Jesus redefines the word “neighbor” in that moment, rescuing it from the warped, earthly notion that we have created for it. What Jesus is saying to the Jews, and to us, is that it doesn’t matter what we think about other races, colors, and cultures. It doesn’t matter what we think about someone’s religious beliefs. Our neighbor isn’t just our friend or the person who lives in the same homogenous neighborhood that we live in; our neighbor is whoever shows mercy on us.

Left to my own devices and mentality, I probably wouldn’t show mercy to many people, so I wouldn’t be a neighbor to many. You might be thinking that no one has been a neighbor to you, in that no one has shown you mercy. But Jesus, God Incarnate, has mercy on you, every single moment that you ask for it. Jesus picks us up from the side of the road, saves us from those who would harm us, and is our neighbor.
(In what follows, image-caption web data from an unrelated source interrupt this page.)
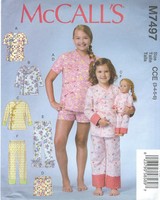 Mccall's 7497 Girls' Top, Shorts, Pants & 18 Doll Top And Pants Sewing Pattern Mccall's 7497 Girls' Top, Shorts, Pants & 18 Doll Top And Pants Sewing Pattern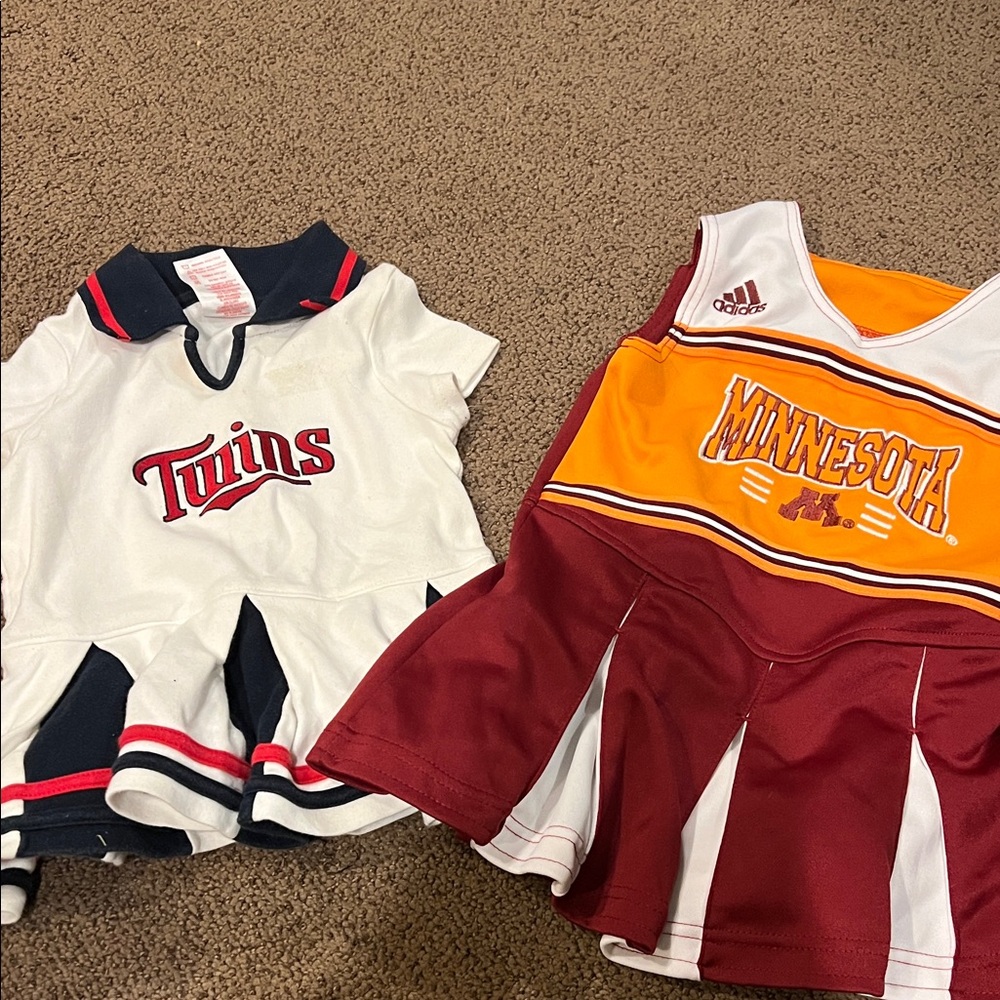 Minnesota Gophers Twins toddler girls cheer dresses 2T and 4T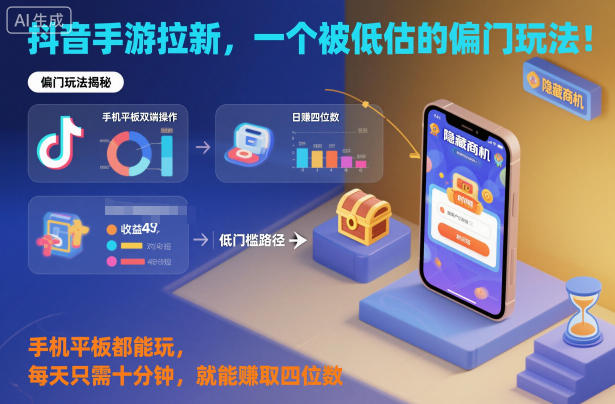 抖音手游拉新，一个被低估的偏门玩法！手机平板都能玩，每天只需十分钟，就能賺取四位数【揭秘】|网创挖金社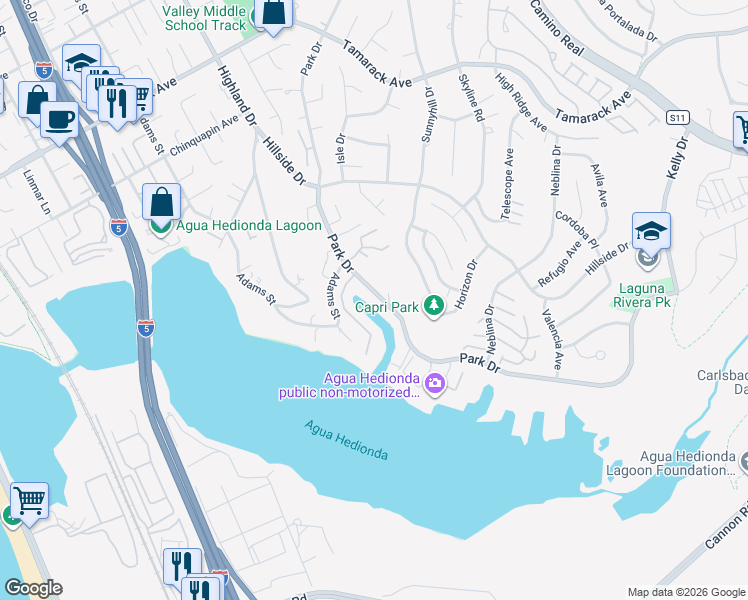 map of restaurants, bars, coffee shops, grocery stores, and more near 4625 Park Drive in Carlsbad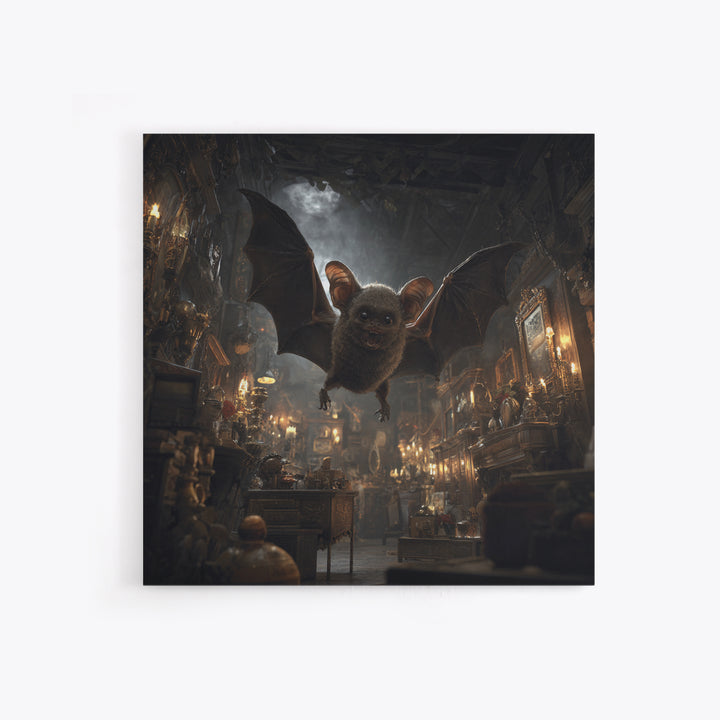 The Bat-Winged Imp, Square Wall Art, Haunted Gothic Art, Framed Canvas Print, Halloween Wall Decor, Gothic Home Decor, Macabre Wall Art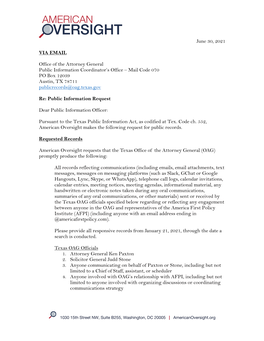 TX-AG-21-0892 Whole, Please State Specifically That It Is Not Reasonable to Segregate Portions of the Record for Release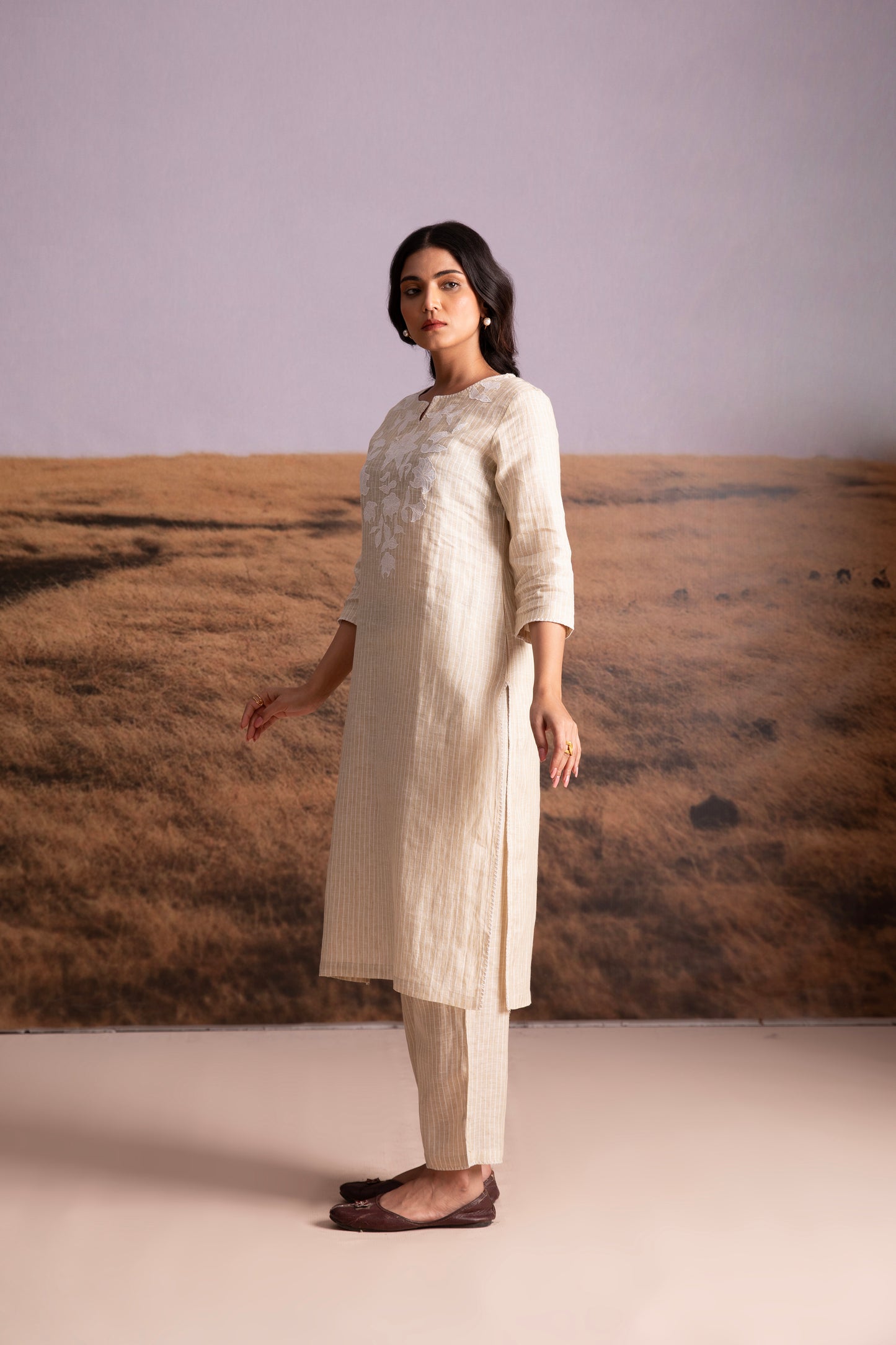 Pure Hemp Striped Applique Kurta Set-Natural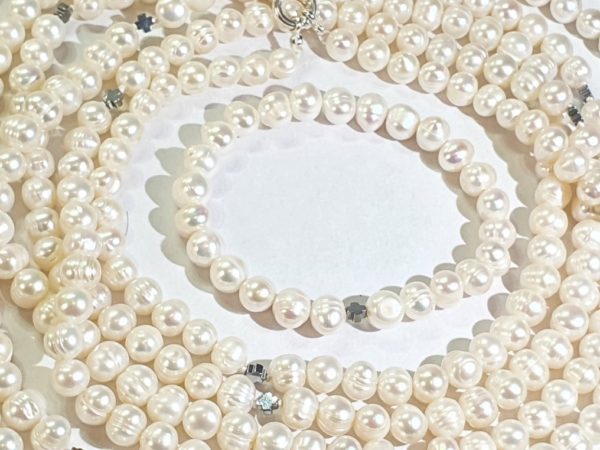 Freshwater pearl necklace and bracelet with Greek crosses (protection & balance) (2) - hematite - 925 silver brooch - Image 20
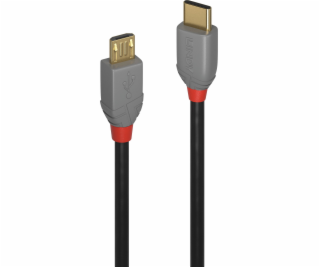 Lindy USB-C - microUSB kabel 1 m černý (36891)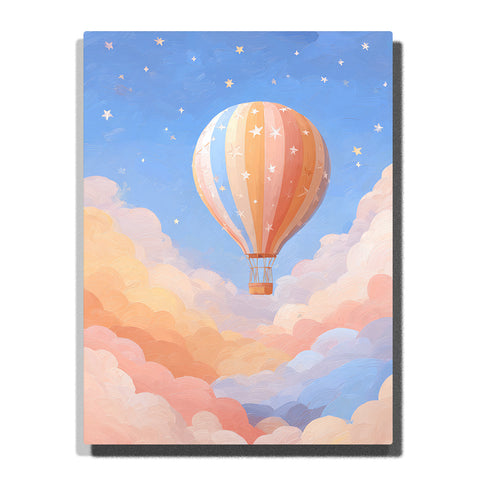 Pastel hot air balloon floating above soft cloud valley with peach and cream panels, small basket, tiny stars, blue sky, and gentle sky adventure mood, paint by numbers by PaintEasy
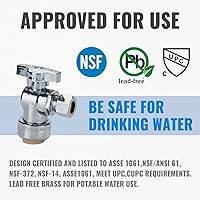 Vista 2 de SUNGATOR Paquete de 2 válvulas de parada angular, válvula de cierre de agua angular de 1/2 x 1/4 de pulgada, cierre de agua del inodoro, 1/4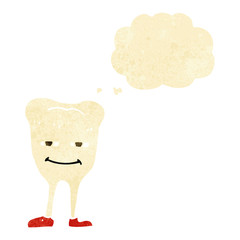cartoon smiling tooth with thought bubble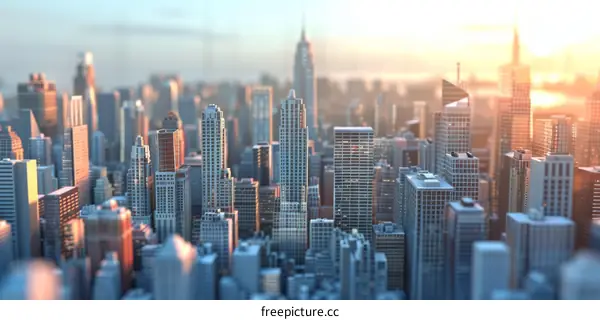 A Metropolis with Modern High-Rise Landmarks
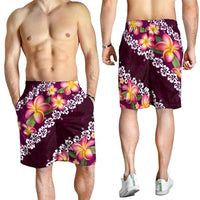Pink Polynesia Shorts for Men Plumeria With Hibiscus Pattern Tropical Vibes LT14 - Polynesian Pride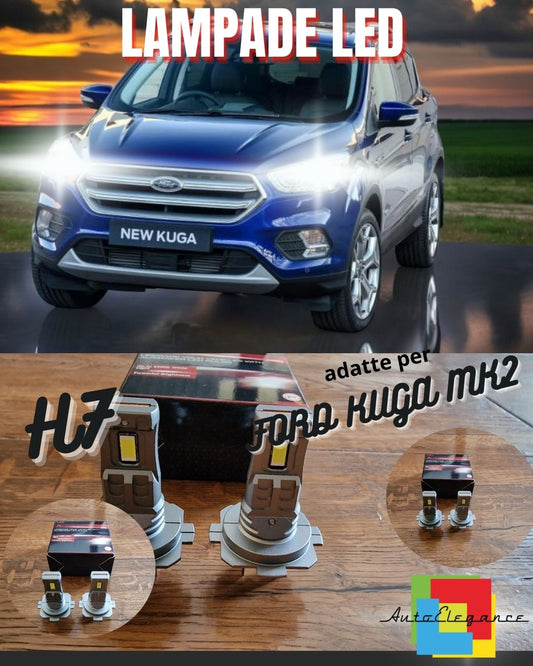 KIT LED H7 PER FORD KUGA MK2 II 6000K BIANCO 6000 LUMEN CANBUS ANABBAGLIANTI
And then he tells us to show mercy to others, to be a good neighbor to them.

John 13:34 puts it this way: “34"A new command I give you: Love one another. As I have loved you, so you must love one another. 35By this all men will know that you are my disciples, if you love one another."

All people will know that we follow Jesus because of what we do, not through the faith we profess with our mouths. We are saved by grace through faith, but faith without works is dead. Jesus calls us to be neighbors to all, to love one another, and we show our love by doing things for others.

Rich Christians takes on the argument that what we believe is more important than what we do, and Sider explains that faith and works must work in tandem in our lives. In the next few posts, I’ll show you what he says about the typical American Christian and how we can be better stewards. We are to be neighbors to the poor people of this world – as God has shown us mercy, so must we also show mercy to them.